What Is Sarcomatoid Mesothelioma?
Sarcomatoid mesothelioma is a rare mesothelioma cell type. This variant is more resistant to treatment than epithelial or biphasic cells. Sarcomatoid tumor cells are more likely to spread or metastasize to new areas.

Sarcomatoid Mesothelioma Facts
- Their oval, spindle shape characterizes sarcomatoid cells.
- The center of sarcomatoid cells has one or more enlarged or elongated nuclei.
- Also called spindle or sarcomatous cells, sarcomatoid cells resemble a sarcoma.
- Tumors made of sarcomatoid cells can merge to form a fibrous, sheet-like mass.
Sarcomatoid tumors appear fibrous and diffuse throughout the pleura. The pleural membrane surrounds the lungs and lines the chest cavity. There are fewer than 30 documented cases of sarcomatoid peritoneal mesothelioma.
Fibrous and aggressive sarcomatoid cells make this type of mesothelioma challenging to treat. Pathologists identify these features when viewing tissue samples under a microscope.
“If you’ve been diagnosed with mesothelioma, I would encourage you to not look at those statistics and life expectancies and think that is your future. Everyone is different with this diagnosis. It’s really important to speak to those specialists who deal with this disease to determine what your future is going to be.”Karen SelbyRegistered nurse and Patient Advocate at The Mesothelioma Center at Asbestos.com
Rare Sarcomatoid Mesothelioma Cell Subtypes
Rare sarcomatoid mesothelioma cell subtypes are divided into three categories.
Transitional Mesothelioma: This variant grows and spreads similarly to other sarcomatoid subtypes. It has fat, spindle-shaped cells that help pathologists differentiate it from other cells.
Lymphohistiocytoid Mesothelioma: These tumors contain inflammatory and immune cells. The lymphohistiocytoid variant makes up less than 1% of all mesotheliomas. Some patients with this cancer have a better-than-average life expectancy.
Desmoplastic Mesothelioma: This sarcomatoid subtype is one of the most difficult to diagnose. Half or more of the tumor shows no discernible pattern of growth. Desmoplastic type accounts for approximately 5% of all mesotheliomas.
Sarcomatoid mesothelioma subtypes are rare. They tend to have a higher tendency to metastasize and correlate with a poor prognosis.
The pleura is the most likely location for rare sarcomatoid cell types to develop. The desmoplastic variant has occurred in some cases of peritoneal and testicular mesothelioma.
“Sarcomatoid cell types – these are slightly more aggressive tumors.”Dr. Jacques Fontaine
What Causes Sarcomatoid Mesothelioma?
Asbestos is the primary cause of sarcomatoid mesothelioma. Breathing or swallowing asbestos traps fibers in the body. Over time, irritation and inflammation lead to mesothelioma cancer.
Symptoms take 20 to 60 years to appear after asbestos exposure. They often mimic other, more common illnesses. If you have a history of asbestos exposure, speak with your doctor about early screening.
Symptoms of Sarcomatoid Mesothelioma
Sarcomatoid mesothelioma symptoms include nonspecific signs such as cough and shortness of breath.
- Shortness of breath
- Prolonged hoarseness
- Persistent cough
- Coughing up blood
- Low blood oxygen levels
- Anemia (low iron)
- Weight loss and weakness
- Chest pain or abdominal fullness
- Lack of appetite, anorexia and nausea
- Fatigue and extreme tiredness
Patients may also experience chest pain. As the disease progresses, symptoms become more serious. If you have these signs and a history of asbestos exposure, speak with a specialist as soon as possible.

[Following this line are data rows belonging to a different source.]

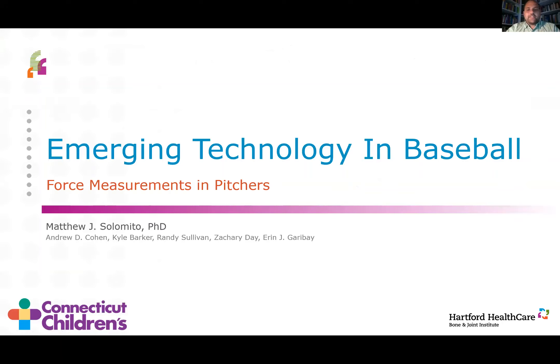Thank you for attending our conference this evening. I am one of the board members for ABBS, currently at the Bone and Joint Institute at Hartford Health Care. I'm going to be presenting on emerging technologies in baseball, specifically using force measurements in baseball pitchers. This was some of the last work I did prior to leaving Connecticut Children's, so I want to give them credit for the use of their Center for Motion Analysis.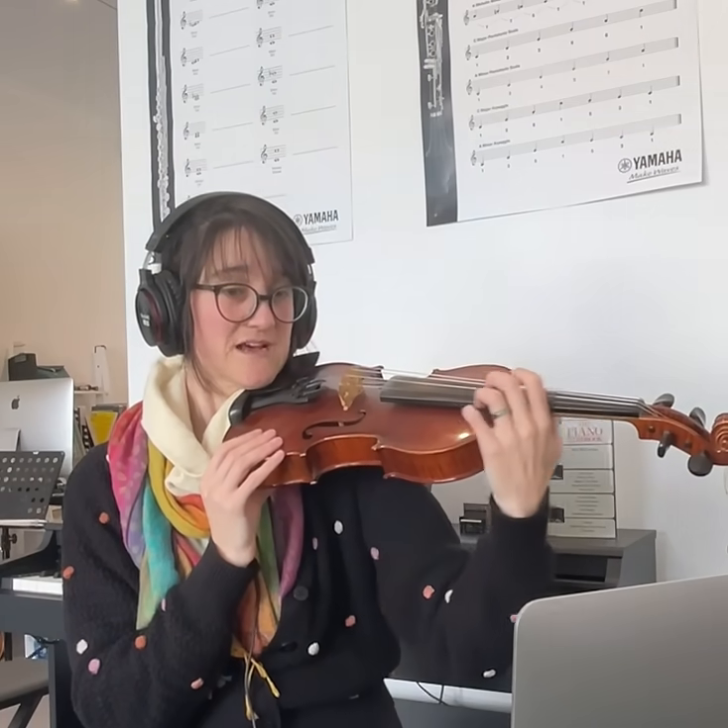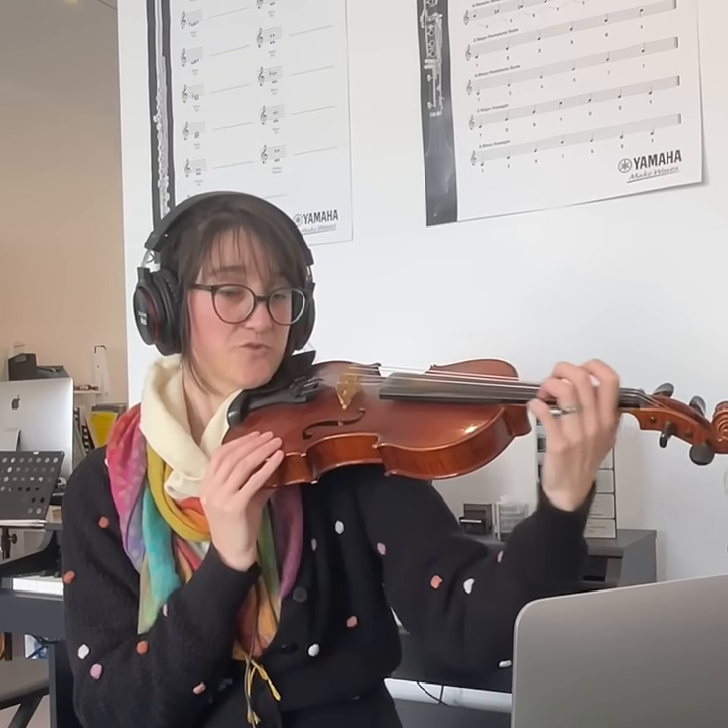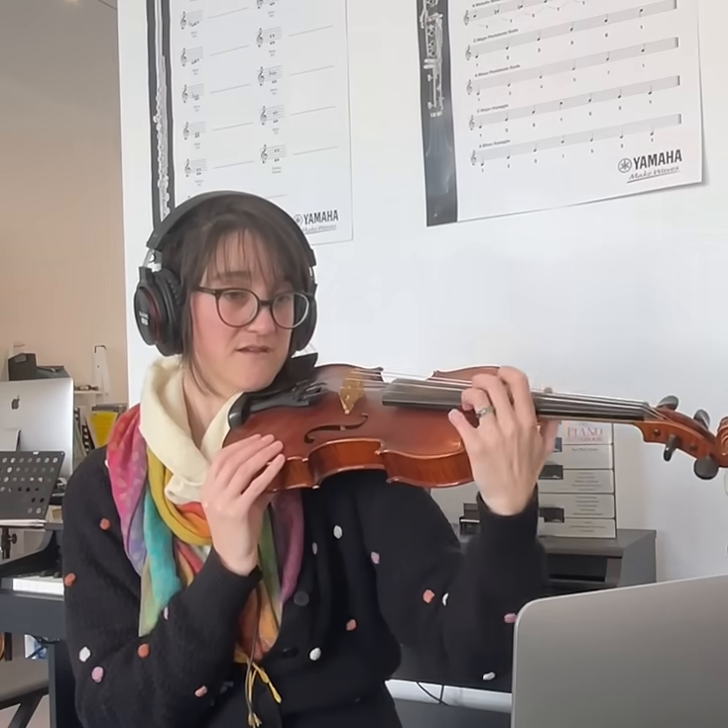So you can practice sliding up and down the neck of your violin, and this will help you get ready for playing with fingers.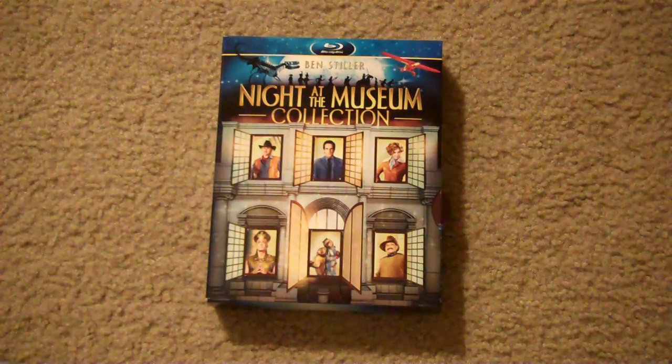Hey, what's up guys? It's your friend Fast Eddie and I'm coming at you tonight with a cool little Blu-ray update. I got some slip boxes and some steel books to show you, so let's jump right in.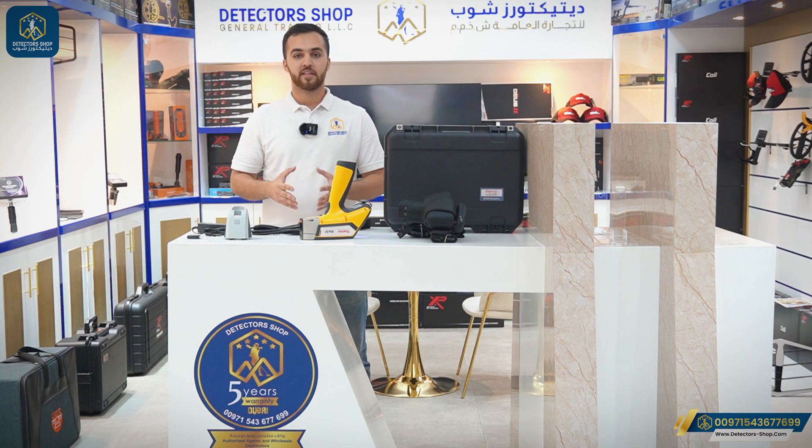Detector Shop company provides the best prices, free training, and shipping to our countries. To order the device or for more information, contact us. Thank you for watching.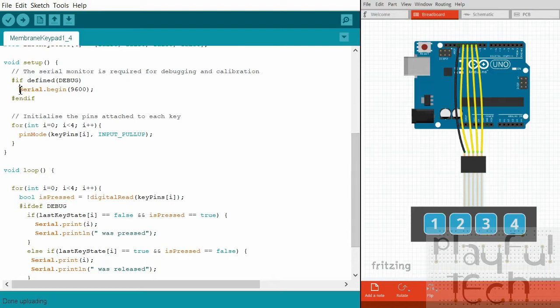In setup, I just begin the serial connection - for this example I'm using it to read out the readings of each pin. In a real-life situation you might test the sequence of buttons pressed in the right order and make something happen, but for now I just want to show you how to read the inputs.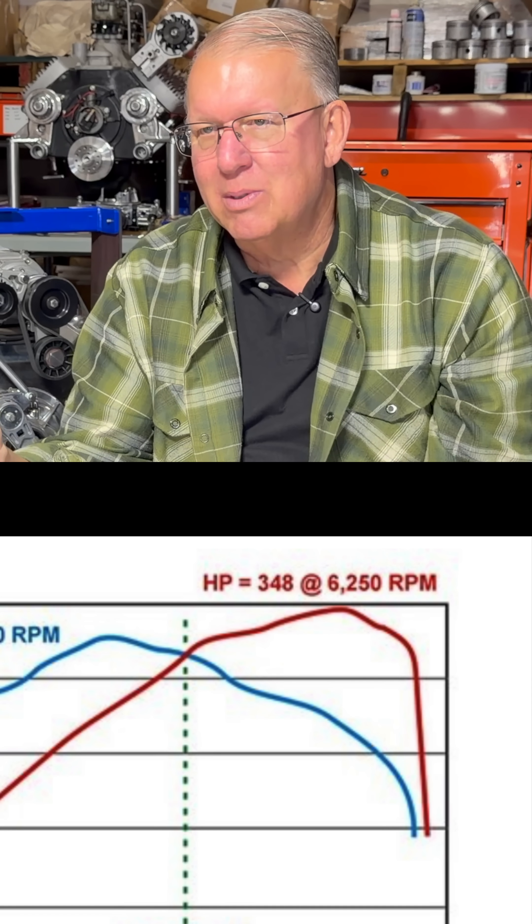Testing beyond those points is really not beneficial. So that's what we were doing — we're trying to find the point at which the engine started to roll over. We were debating on what RPM to stop the test at, because that's something you have to decide before you start the test.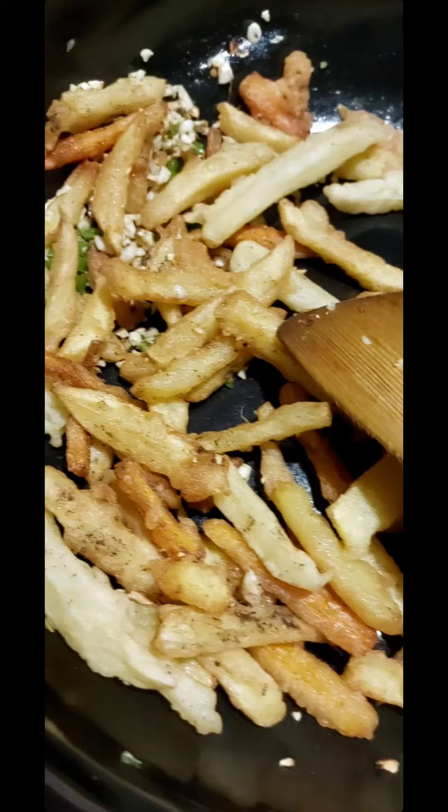Okay, so frying the potatoes — just add three teaspoons of maida and corn flour, add a little bit of salt and a little amount of water. Okay, make them into a paste, coat them well, and fry in the oil. Okay, let them get crispy.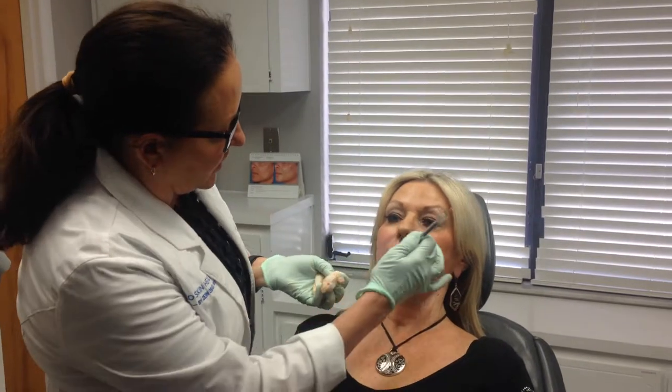So now we're injecting this new Restylane Define. We've done this side, and this is a more elastic product, so smile for us. See, this looks really natural, looks really good.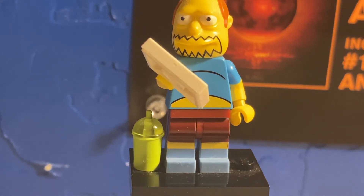Hey guys, welcome back to another minifigure review. My name is Big Red. Today we have from Lego The Simpsons, Comic Book Guy.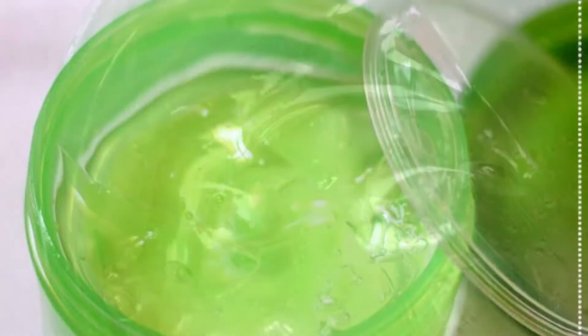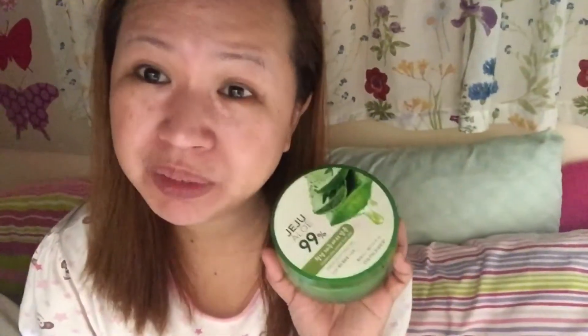I am using this Jeju Aloe Vera from Itura. I just woke up and as soon as I did, I thought of sharing this. This 99% Jeju Aloe Vera will definitely change your night routine. So now I apply this 99% Aloe Vera.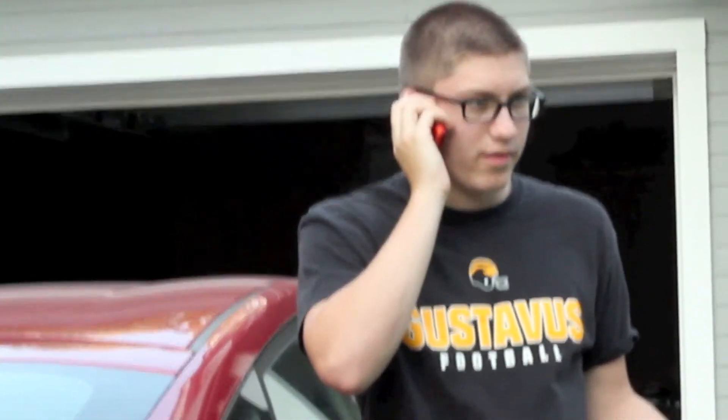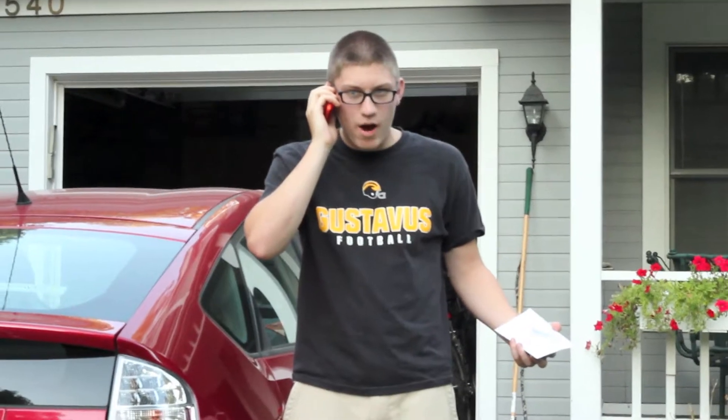Hello? No, I told you already, I can't do it. I gotta finish a deal here. You need the money by today? Within an hour.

Diagnosing Sarcomatoid Mesothelioma
Doctors use imaging and biopsies to confirm a sarcomatoid mesothelioma diagnosis. Genetic testing is a newer experimental diagnostic technique. In 2018, researchers studied the BAP1 and MTAP genes as diagnostic tests. The tests were 100% accurate in differentiating sarcomatoid mesothelioma.
Imaging studies such as X-rays, CT scans or MRIs reveal abnormalities in the chest. They do not show specific details such as cell type. Doctors order imaging scans if a patient has asbestos exposure or related symptoms.
If your imaging studies suggest cancer, your doctor may refer you for a biopsy. In this procedure, a surgeon collects a small tumor sample for lab testing. Physicians can get tissue samples with a needle, but a thoracoscopy is more accurate.
A histologist or pathologist is a specialist who studies cells from tissue samples. After a biopsy, they run immunohistochemistry tests. These tests reveal the cancer cell type and stage. They involve stains using antibodies that attach to antigens on the tumor.
Misdiagnosing Sarcomatoid Mesothelioma
Mesothelioma is often misdiagnosed because the disease mimics less severe conditions.
General oncologists may misdiagnose the disease as other cancers.
Common misdiagnoses include:
- Pleural liposarcoma
- Fibrous pleurisy or pleuritis
- Sarcoma or fibrosarcoma
- Malignant fibrous histiocytoma (undifferentiated pleomorphic sarcoma)
- Localized fibrous tumors
- Metastasized renal cell carcinoma
- Solitary fibrous tumor of the pleura (hemangiopericytoma)
Seeking a second opinion from a mesothelioma specialty team is essential. Sarcomatoid patients need pathologists skilled in this diagnosis.
Prognosis for Sarcomatoid Mesothelioma
The prognosis is poor for sarcomatoid patients. The life expectancy for sarcomatoid mesothelioma is four to 18 months with treatment. Without treatment, the median survival is less than six months.
Sarcomatoid cells are resistant to treatment because of their fibrous nature. Current therapies have improved lymphohistiocytoid cell subtype survival by up to four years. One patient remained symptom-free for 12 years after diagnosis.
It’s important to note that doctors use past data to make prognosis estimates. As more treatment options become available, the prognosis improves. Current survival rate statistics don’t take this most recent data into account.
Each patient’s prognosis differs based on health and the stage and location of cancer. Clinical trials offer the newest sarcomatoid therapies available at specialized centers.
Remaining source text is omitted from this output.